This is the fourth of a series of columns about the Mississippi Sports Hall of Fame’s Class of 2019, which will be inducted at the Jackson Convention Center Saturday night.
The best, most successful football coaches know how to adjust to different scenarios. For instance, it has been said and written of Bear Bryant that he won with both all-white and with integrated football teams, that he won in both one-platoon and two-platoon football, that he won running both the wishbone and pro style offenses, that he won in Kentucky blue, Aggie maroon and Alabama crimson. No matter what, Bryant just won.

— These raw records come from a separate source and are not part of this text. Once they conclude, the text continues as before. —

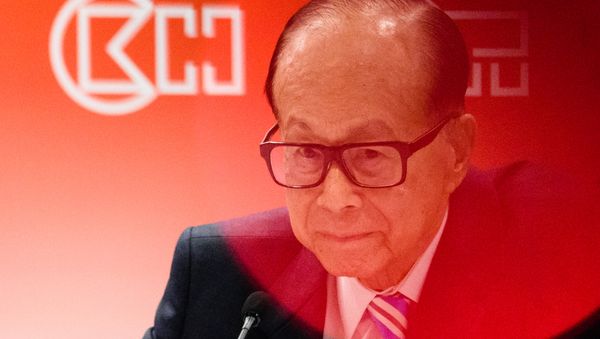 Hong Kong's richest man Li Ka-shing, 88, listens to a question during a press conference in Hong Kong on March 22, 2017, after his flagship CK Hutchison Holdings posted a net profit of 4.25 billion USD for 2016, six percent up year-on-year. Hong Kong's richest man Li Ka-shing, 88, listens to a question during a press conference in Hong Kong on March 22, 2017, after his flagship CK Hutchison Holdings posted a net profit of 4.25 billion USD for 2016, six percent up year-on-year. - Sputnik International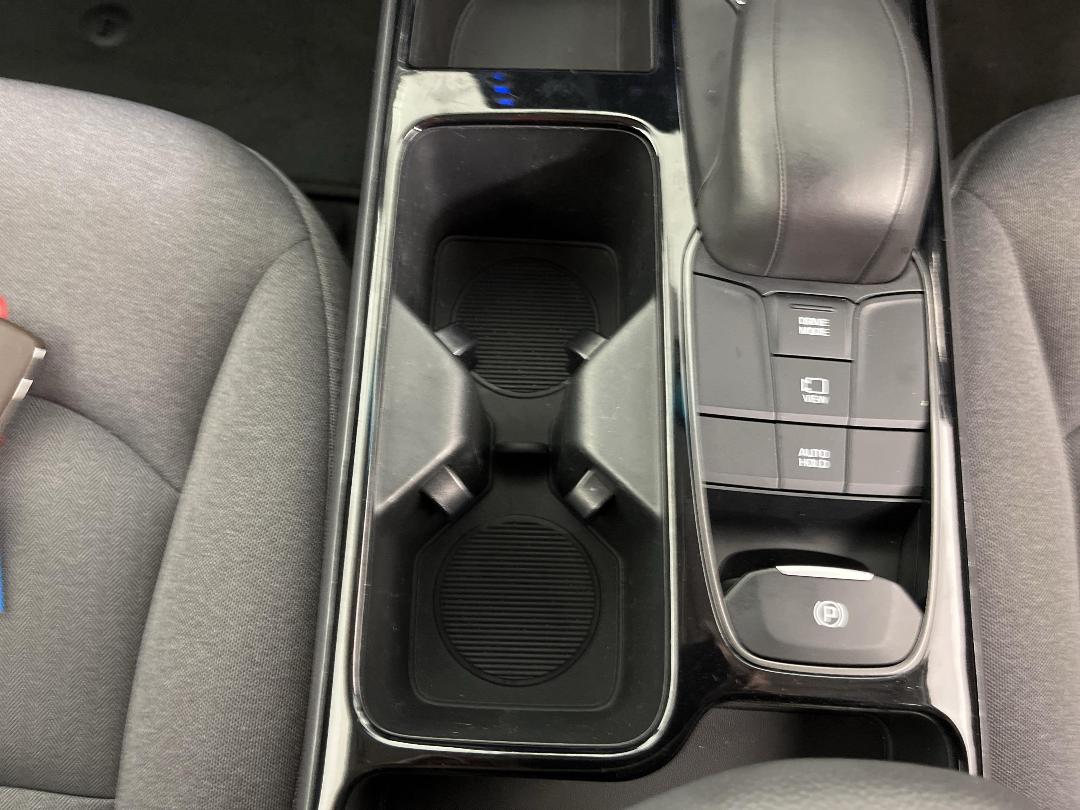 Photo '23' of Hyundai Ioniq Photo '23' of Hyundai Ioniq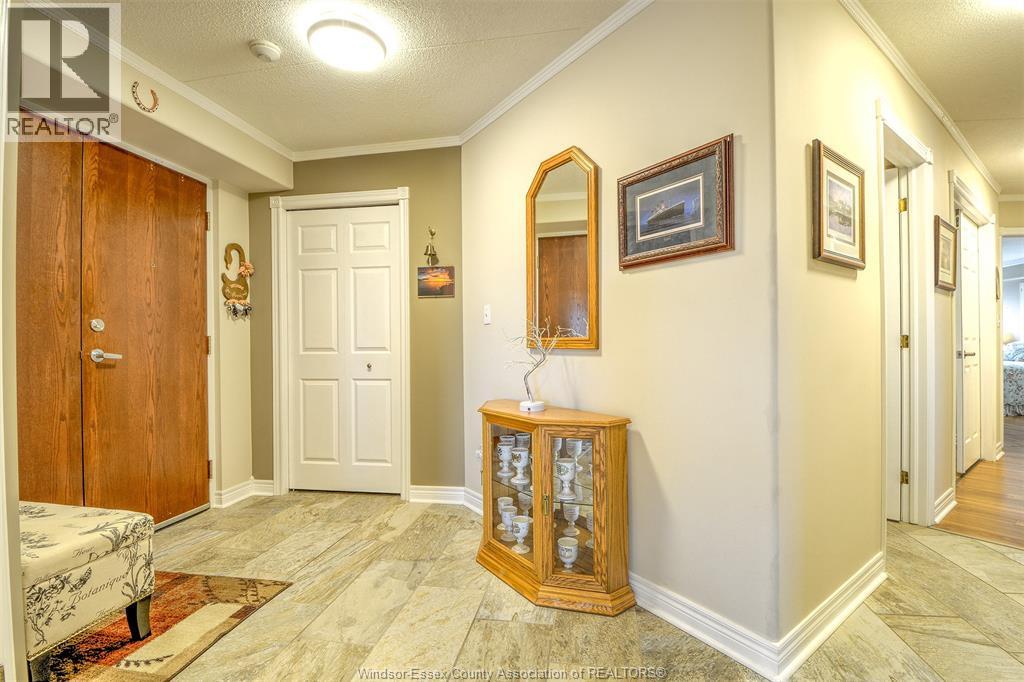 320 Village Grove Drive Unit# A401, Tecumseh, Ontario  N8N 4X7 - Photo 3 - 26012013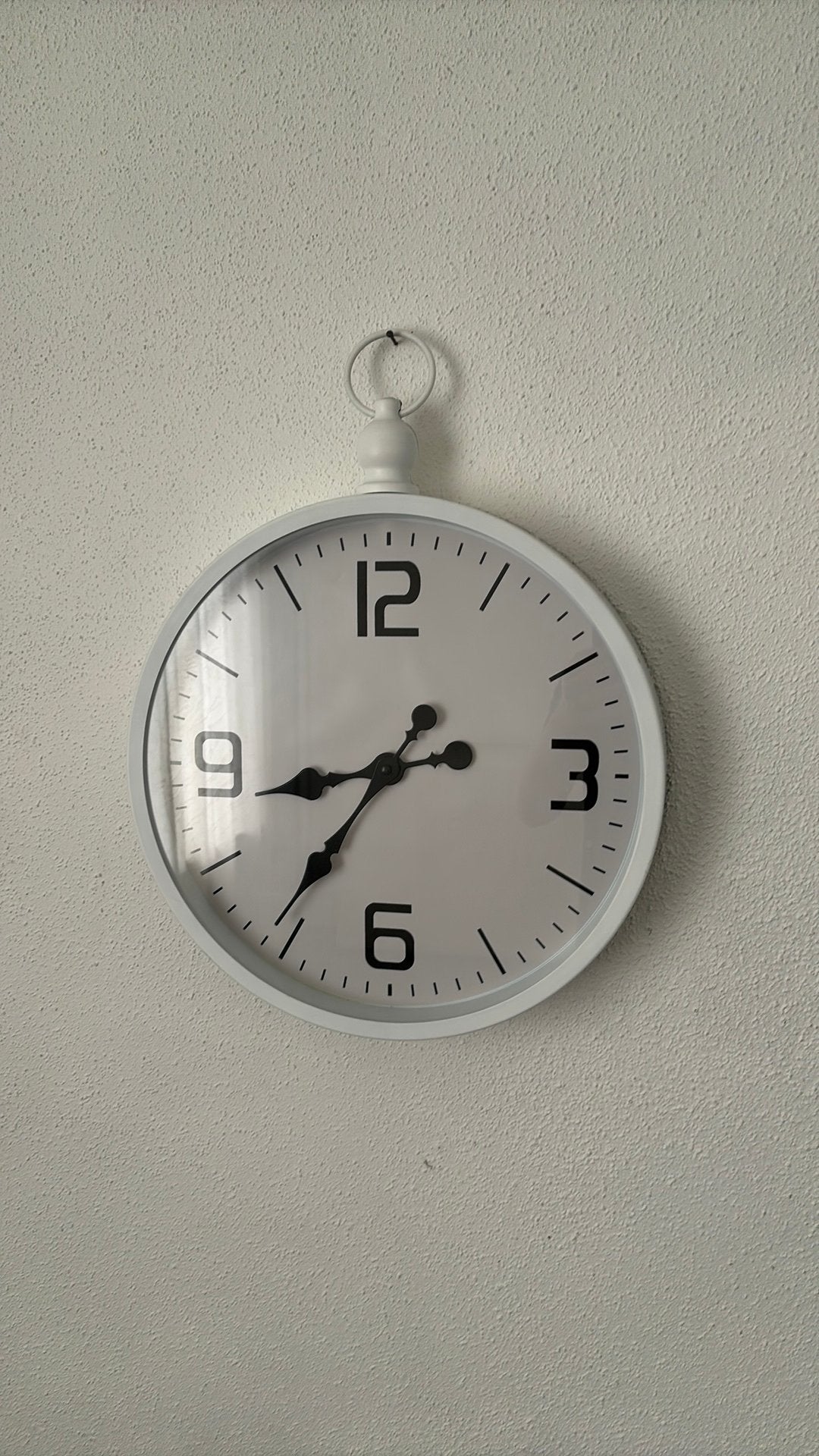 Horloge murale, Maison & Meubles, Enlèvement, Comme neuf, Blanc, Horloge murale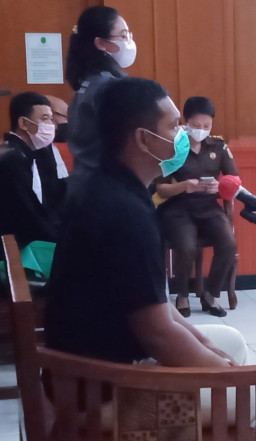 Pisah Ranjang Setahun, Minta Jatah Ditolak, Istri Dianiaya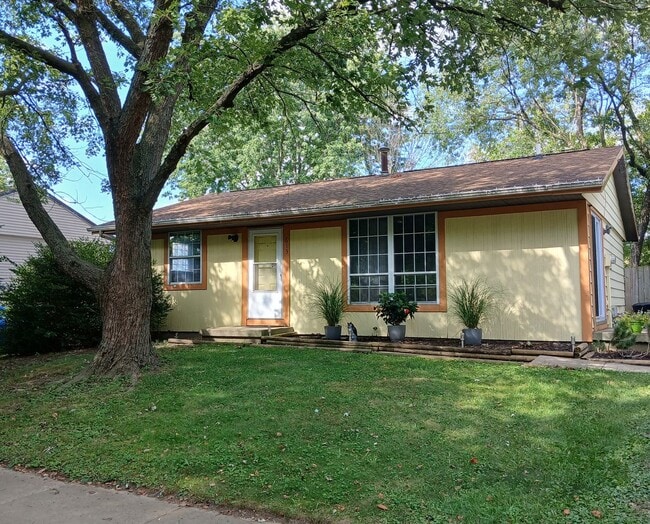 Building Photo - Sublease Available Beginning December 1st Rental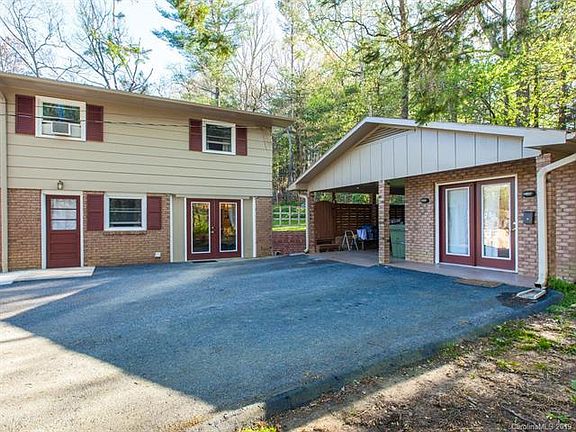 2nd image of 442 Hillcrest Cir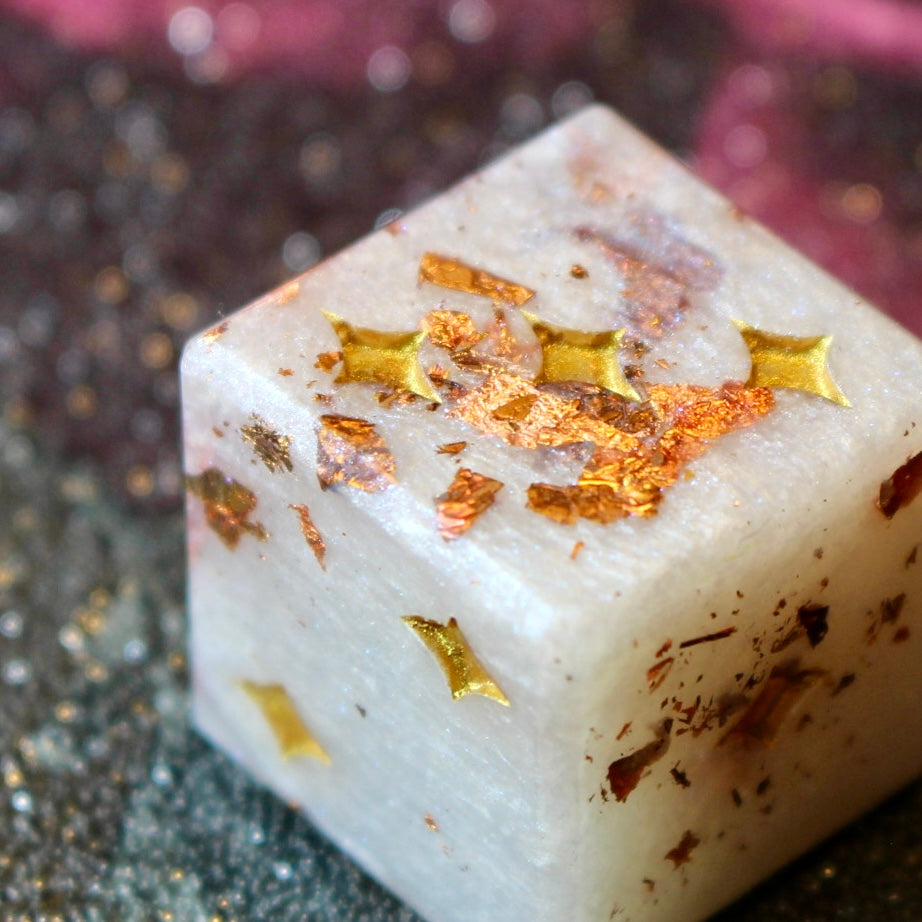 Gilded Snow Oversized Pip D6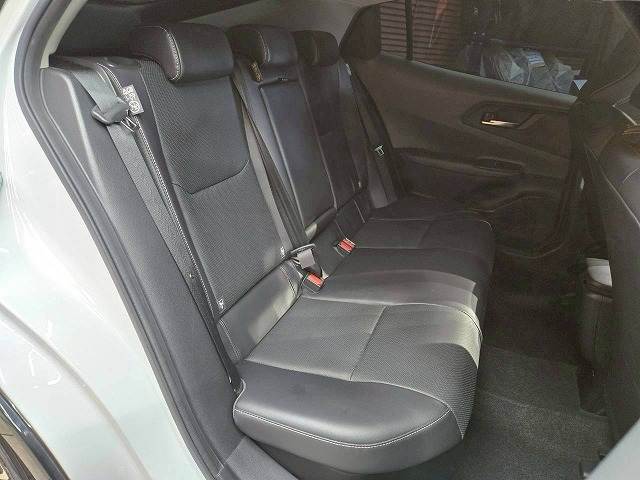 セカンドシートは大人二人が乗っても十分なスペースが確保されております。各種「室内除菌抗菌コーティング」「室内クリーニング」も取り揃えておりますよ。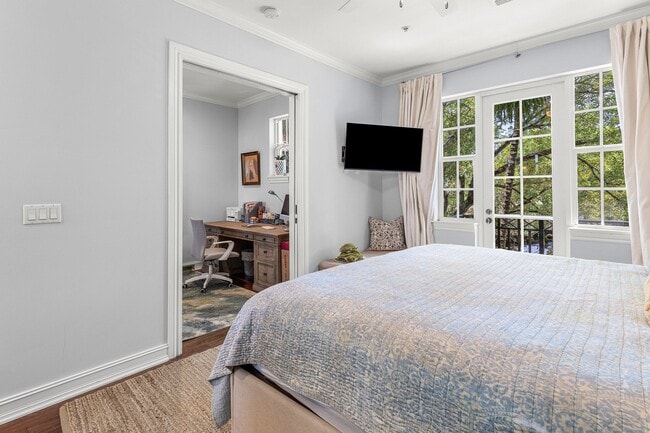 Building Photo - 75 NE 5th Ave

“I ain’t nothing but a winner,” Bryant once said.
You can say much the same about Ricky Black, the second winning-est coach in Mississippi high school football history, who Saturday night will be inducted into the Mississippi Sports Hall of Fame. Black won at small schools, such as Kosciusko (49-6), and large schools such as Tupelo (89-31). He won in those public schools and also at a private school (245-38 at Jackson Prep). He won running veer and wishbone option offenses and has won with pro style offenses. He once won with country kids and now he wins with city kids. He just wins. At age 70, Black will enter his 49th season in coaching with a remarkable 383-75 record.
In 2018, Black was named National High School Football Coach of the Year by the National High School Athletic Coaches Association. In the rich history of Mississippi high school football, he is the first from the state to win the national award.
No telling how many games Black might have won had he not taken a six-year sabbatical (1991-96) from high school coaching to join Jackie Sherrill’s staff at Mississippi State.
True story: Immediately after Sherrill took the job at State, he called this writer and told me: “I want to hire the best high school coach in Mississippi to work on my staff,” and then he asked, “In your opinion who are the three coaches I ought to consider?”
Black, who had turned around the Tupelo program, was one. Mac Barnes, then at Meridian, and Mike Justice (then at Louisville) were the other two. Sherrill hired Black, and he would serve State, his alma mater, as both tight end coach and recruiting coordinator.
Black currently trails only Centreville Academy’s Bill Hurst (400-119) on Mississippi’s all-time victory list. Given that Black has averaged nine victories per year over 42 head coaching seasons, he likely would have more than 430 victories if not for the six-year hiatus.
So, does Black ever think about that?
“Well I have thought about it but not for long,” Black said. “My time at Mississippi State was a great experience. And, really, you don’t get in this business thinking about the number of wins you are going to have. Of course, you don’t get in the business thinking some day you’d be looking at year 49 either.”
And why did Black leave State to return to the high school level at Jackson Prep? He says he missed teaching younger players.
“You can just have so much more influence on 14- to 18-year-olds,” Black said. “You teach more, and that’s always been the part of it that I really enjoy. I have always enjoyed teaching the fundamentals.”
Justice, who coached against Black when he was at Louisville and Black was at Tupelo, was asked why he believes Black has been so successful.
“Number one, Ricky’s teams always have been so fundamentally sound,” Justice said. “That’s important but the other thing is that what happened at Tupelo while he was there was that his teams got so much tougher. Before Ricky got there, Tupelo was kinda soft. They got a lot tougher, more physical under him. He’s just a dadgum good football coach, a winner.”
Linda Black was 19 and Ricky was 20 when they married, and she admits she knew little about football. She has attended every game he has ever coached.
“I love the man, I like the sport,” she said. “One reason I love him because I know he does what he does for the right reasons. He’s trying to make those kids as good a player and as good a person as they can be. He pushes them hard, but sees the possibilities in every kid he coaches.”
And for Ricky Black, that has been literally thousands.